DIRECTIONS:
Leave the pictures out and repeat the rest of the data below exactly.

INFORMATION SHOWN:
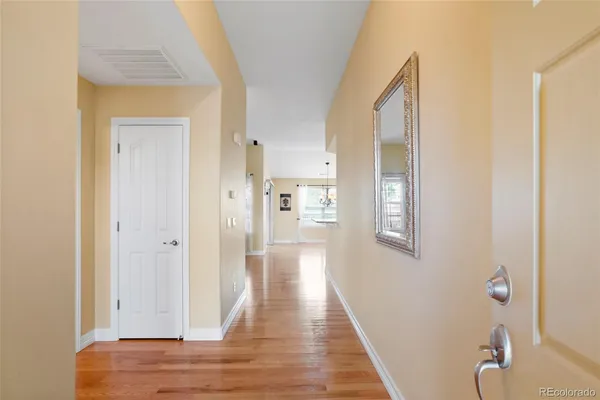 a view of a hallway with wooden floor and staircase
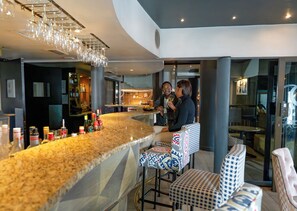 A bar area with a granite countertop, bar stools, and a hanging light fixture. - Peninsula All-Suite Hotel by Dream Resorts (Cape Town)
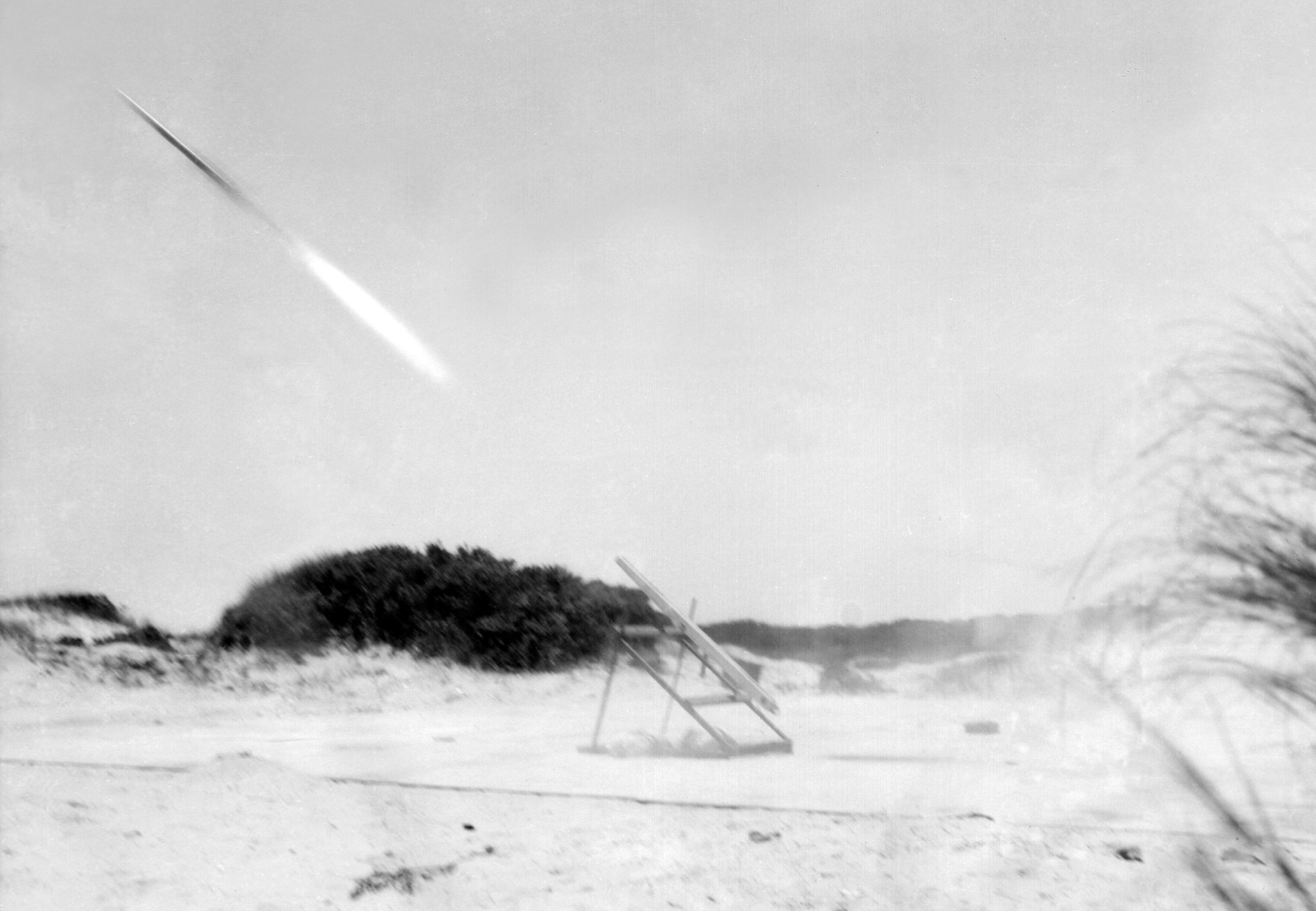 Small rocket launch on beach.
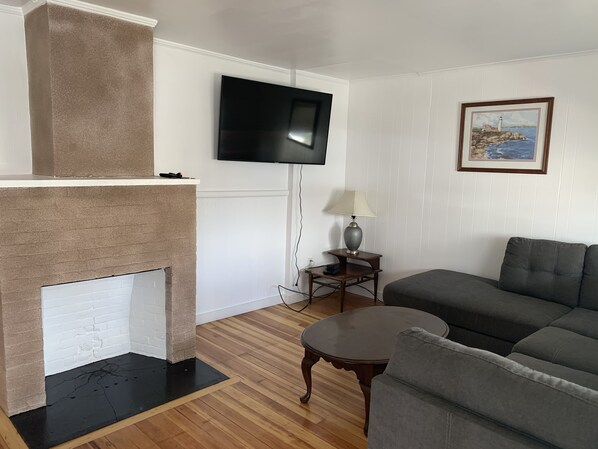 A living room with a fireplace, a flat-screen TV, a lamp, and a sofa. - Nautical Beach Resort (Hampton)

YOUR RESPONSE:
 a view of a hallway with wooden floor and staircase
 A bar area with a granite countertop, bar stools, and a hanging light fixture. - Peninsula All-Suite Hotel by Dream Resorts (Cape Town)
 Small rocket launch on beach.
 A living room with a fireplace, a flat-screen TV, a lamp, and a sofa. - Nautical Beach Resort (Hampton)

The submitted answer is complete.